Geometry-Aware Edge Pooling for Graph Neural Networks
Katharina Limbeck, Lydia Mezrag, Guy Wolf, Bastian Rieck
TL;DR
This work tackles the challenge of graph pooling in GNNs by introducing two geometry-aware edge-pooling layers, MagEdgePool and SpreadEdgePool, that preserve diffusion-based geometry and structural diversity through edge contractions guided by magnitude or spread. The authors establish key theoretical properties, including additivity on disjoint graphs, isomorphism invariance, and monotonicity under 1-Lipschitz contractions, and analyze expressivity and computational costs. Empirically, the methods achieve top or competitive performance on graph classification and regression tasks, while preserving spectral properties and maintaining stable accuracy across pooling ratios; SpreadEdgePool offers notable computational efficiency. Overall, the approach provides interpretable, non-trainable pooling that robustly encodes graphs’ geometry, with practical scalability for moderate-sized graphs and potential extensions to larger graphs and alternative distance measures.
Abstract
Graph Neural Networks (GNNs) have shown significant success for graph-based tasks. Motivated by the prevalence of large datasets in real-world applications, pooling layers are crucial components of GNNs. By reducing the size of input graphs, pooling enables faster training and potentially better generalisation. However, existing pooling operations often optimise for the learning task at the expense of discarding fundamental graph structures, thus reducing interpretability. This leads to unreliable performance across dataset types, downstream tasks and pooling ratios. Addressing these concerns, we propose novel graph pooling layers for structure-aware pooling via edge collapses. Our methods leverage diffusion geometry and iteratively reduce a graph's size while preserving both its metric structure and its structural diversity.
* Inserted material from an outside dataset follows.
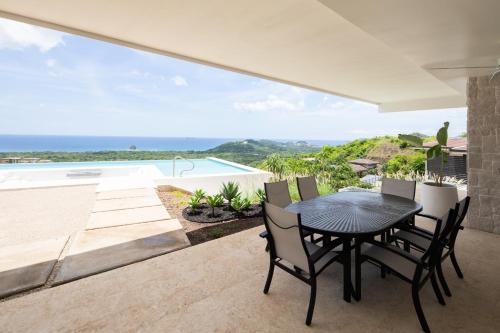 CASA AYLA A - stunning 5BR Ocean view house & infinity pool in Flamingo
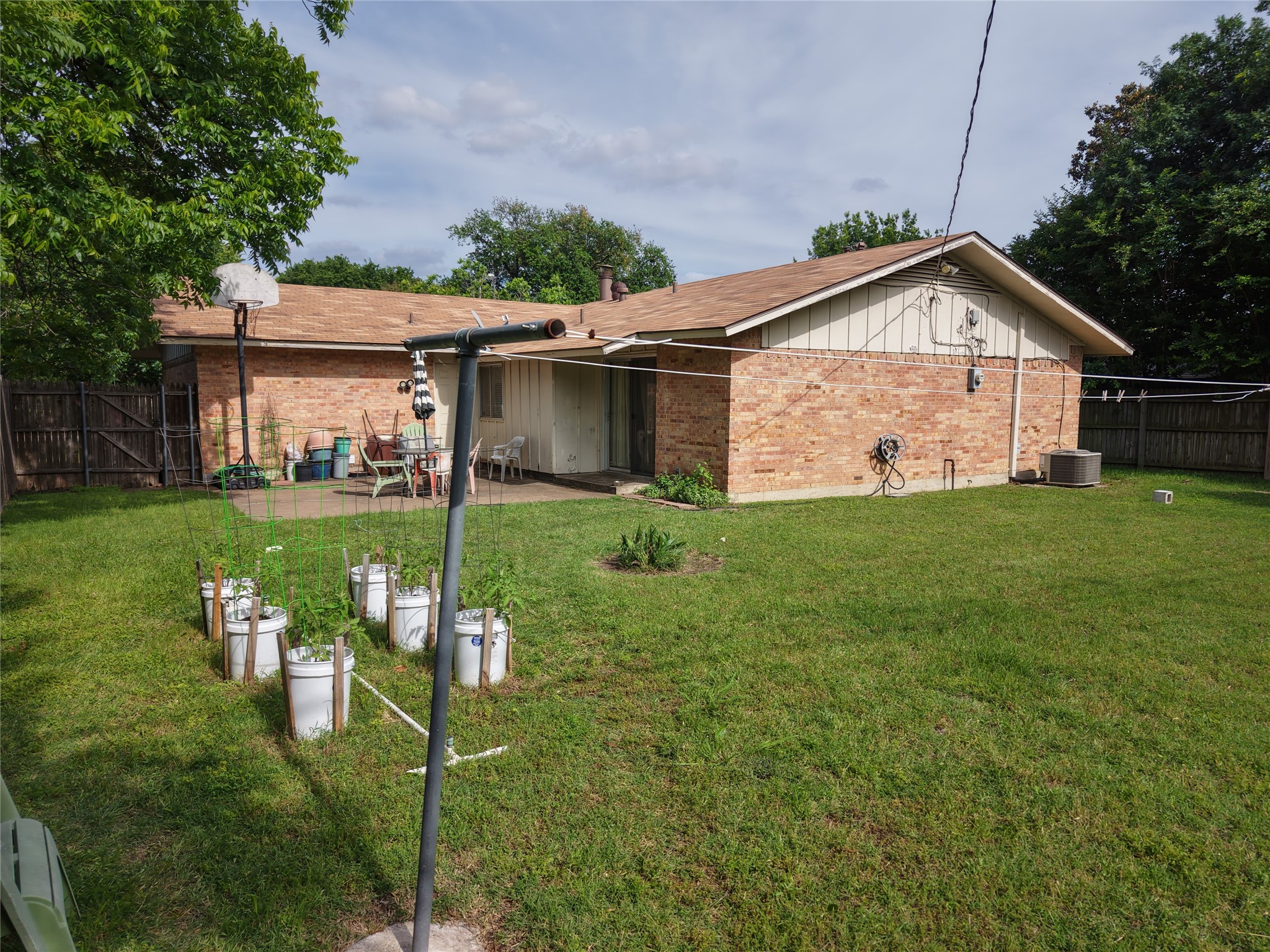 2763 Beechmont Drive Dallas TX 75228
We guide pooling using magnitude, an isometry-invariant diversity measure, which permits us to control the fidelity of the pooling process. Further, we use the spread of a metric space as a faster and more stable alternative ensuring computational efficiency. Empirical results demonstrate that our methods (i) achieve top performance compared to alternative pooling layers across a range of diverse graph classification tasks, (ii) preserve key spectral properties of the input graphs, and (iii) retain high accuracy across varying pooling ratios.